Alors que l’insécurité continue à régner sur le monde, alors que le bloc soviétique s’oppose avec plus de violence que jamais au bloc anglo-saxon, et à l’Europe occidentale, une guerre se déclenche en Extrême- Orient, risquant d’entraîner à sa suite un nouveau conflit mondial. En effet, le 25 juin 1950, à l’aube, les forces de la Corée du Nord – sous régime communiste – ont traversé la frontière fixée au 38e parallèle, pour envahir la Corée du Sud, Etat indépendant.
L’appel des Nations Unies demandant à l’agresseur de retirer ses forces armées, au delà du 38e parallèle, demeura vain. Dès lors, les membres des Nations Unies furent invités, dès le 27 juin, à apporter une aide militaire à la Corée du Sud, pour repousser l’envahisseur. Dès le 30 juin, les Etats-Unis engageaient des forces dans la guerre, et le 4 juillet, trente-deux membres des Nations Unies promettaient une aide militaire à la Corée du Sud. Ce sont ces événements qui ont donné lieu à la publication de l’Encyclique.
Le Pape déplore que le monde demeure soumis aux angoisses des menaces de guerre :
Les causes d’une profonde douleur et d’une immense tristesse ne nous manquent pas.
D’une part, Nous avons le spectacle des multitudes de pèlerins qui, en cette Année jubilaire, accourent à Rome de tous les points de la terre, vision merveilleuse, en quoi Nous voyons un émouvant témoignage de foi commune, d’union fraternelle, de piété ardente, et cela en si grand nombre que cette Ville vénérable, qui a tant vu d’événements fameux, ne connut rien de pareil au cours des siècles précédents [1]. Ces foules innombrables, Nous les recevons d’un cœur aimant, Nous les raffermissons de Notre parole paternelle, et leur proposons de nouveaux et illustres modèles de sainteté [2], Nous les invitons, non sans succès, à un renouveau des mœurs et à progresser dans la vie chrétienne.
D’un autre côté, la situation générale des peuples se présente à Nos regards sous un tel jour que Nous en éprouvons les plus vives préoccupations et anxiétés.

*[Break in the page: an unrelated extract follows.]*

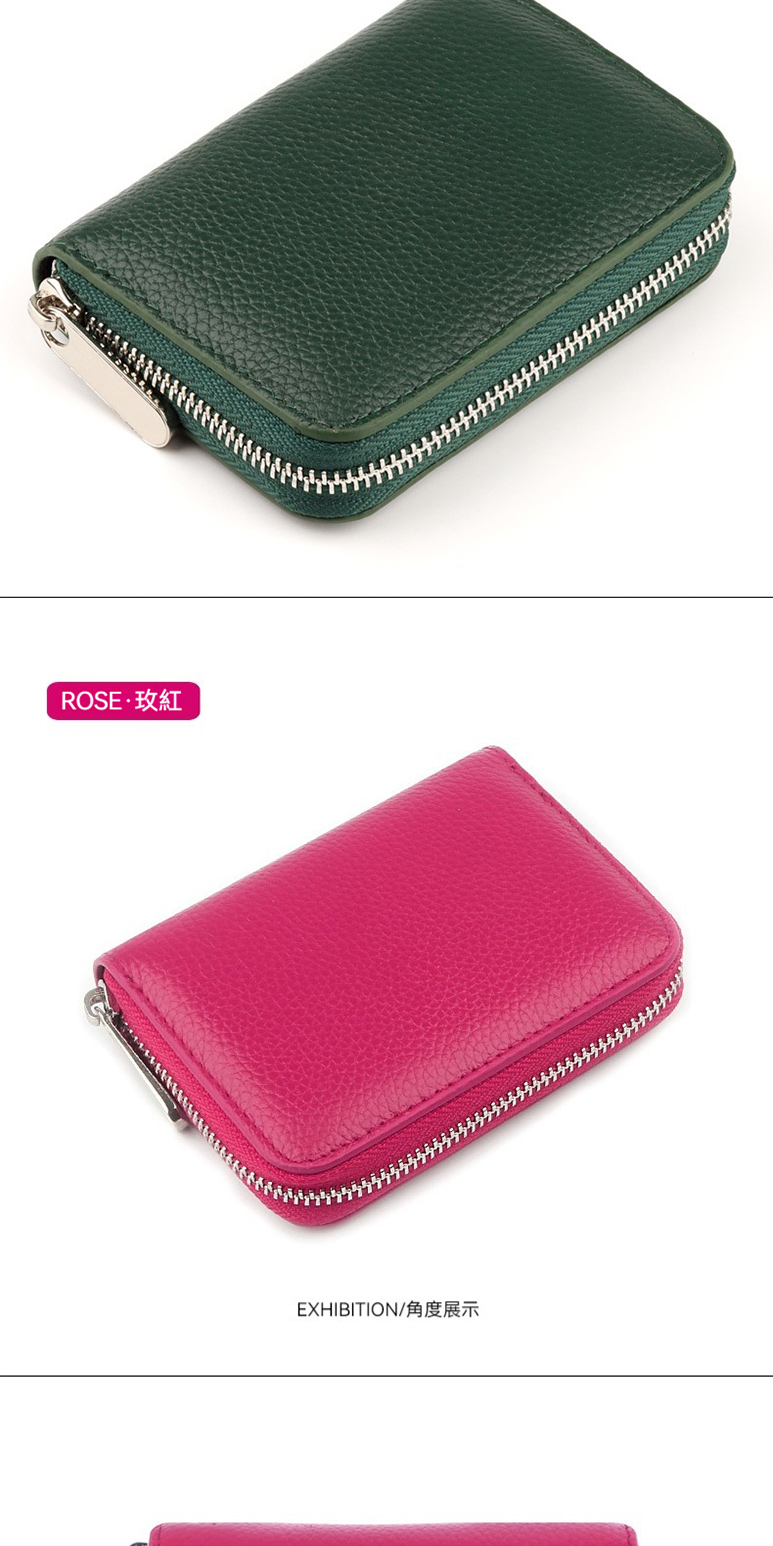 ROSE玫紅 EXHIBITION角度展示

Certes, de nombreuses personnes discutent, écrivent et parlent sur le moyen d’aboutir finalement à la paix tant désirée ; mais les principes, qui doivent être les bases solides de cette paix, sont négligés par certains, et même ouvertement repoussés.
En effet, dans un certain nombre de pays, ce n’est pas la vérité qui est à l’honneur, mais le mensonge habilement déguisé. Ce n’est pas l’amour ni la charité qui sont favorisés, mais la haine et les rivalités aveugles. On n’exalte pas la concorde entre citoyens, mais on provoque des troubles et des désordres.
C’est pourquoi, il faut condamner ce procédé qui mène à la guerre :
Mais, comme le reconnaissent les gens sincères et de bonne foi, il n’est pas possible, de cette manière, de résoudre les problèmes qui divisent actuellement les nations, ni de conduire le prolétariat comme c’est nécessaire, vers un avenir meilleur. Car la haine, le mensonge et la division n’ont jamais produit rien de bon. Il faut, certes, élever la classe pauvre à une condition, conforme à la dignité humaine, mais cela par des lois justes et non pas par la violence et le désordre.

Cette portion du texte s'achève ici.